STAMFORD — A colossal spoon, stained to symbolize burnt heroin, was installed Friday morning outside of Purdue Pharma’s Tresser Boulevard headquarters by protesters hoping to draw attention to the pharmaceutical company’s alleged role in the opioid epidemic.
The brief exhibition — trucked away by city workers a few hours after it was installed — coincided with a local art gallery opening.
The Fernando Luis Alvarez Gallery on Bedford Street opened the “Opioid: Express Yourself” exhibit on Friday night. The mixed-medium collection “provides a platform for artists in a variety of mediums to confront the culprits of this epidemic,” according to a news release.
The sooty steel spoon, which weighed more than 500 pounds, was put up by Alvarez, who was arrested an hour after the 8:30 a.m. installation and charged with obstructing free passage, police said.
The spoon sat in the middle of a driveway and the sidewalk.

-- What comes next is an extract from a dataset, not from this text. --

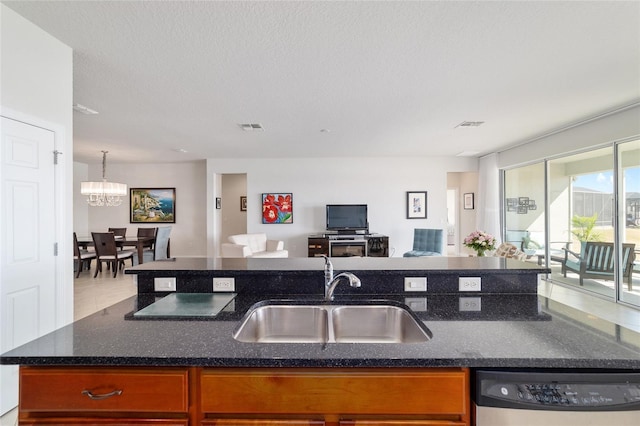 kitchen with dishwasher, sink, a center island with sink, and a textured ceiling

“They dropped this 600-pound statue and obviously they can’t do that,” Police Capt. Diedrich Hohn said. “I think his agenda was to be arrested.”

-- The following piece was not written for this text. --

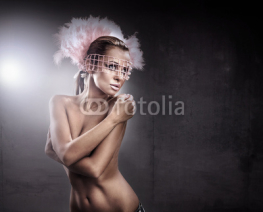 Fototapety Studio shot of a young, beautiful brunette, fashionable woman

The sculpture, by Massachusetts artist Domenic Esposito, was an homage to his brother, Danny, who has battled addiction.
“It’s a symbol of what’s basically the albatross of my family where my mom would find this kind of burnt spoon every time my brother relapsed,” Esposito said.
He said his brother started using heroin after taking OxyContin, the drug Purdue crafted and marketed feet away at 201 Tresser Blvd.
“He didn’t know what he was getting into,” Esposito said. “There’s tons of this stuff around and it’s relativity cheap still on the street...there is no one stopping it from ending up on the street.”
In a statement, Purdue Pharma said it “shares the protesters’ concern about the opioid crisis and respect their right to peacefully express themselves.”
“Purdue is committed to working collaboratively with those affected by this public-health crisis on meaningful solutions to help stem the tide of opioid-related overdose deaths,” the statement read.
Hohn said police tried to reason with Alvarez for more than an hour, asking him to remove the spoon. However, Hohn said he refused and police arrested him after consulting with the State’s Attorney’s Office.
After a few hours on display next to a Seward Johnson sculpture put up for the summer, a public works bulldozer lifted the spoon with the help of police officers and public works employees. The spoon was taken to a Waterside police evidence depot.
“It’ll be there until we know what to do with it,” one police officer at the scene said. “It’s a big sculpture."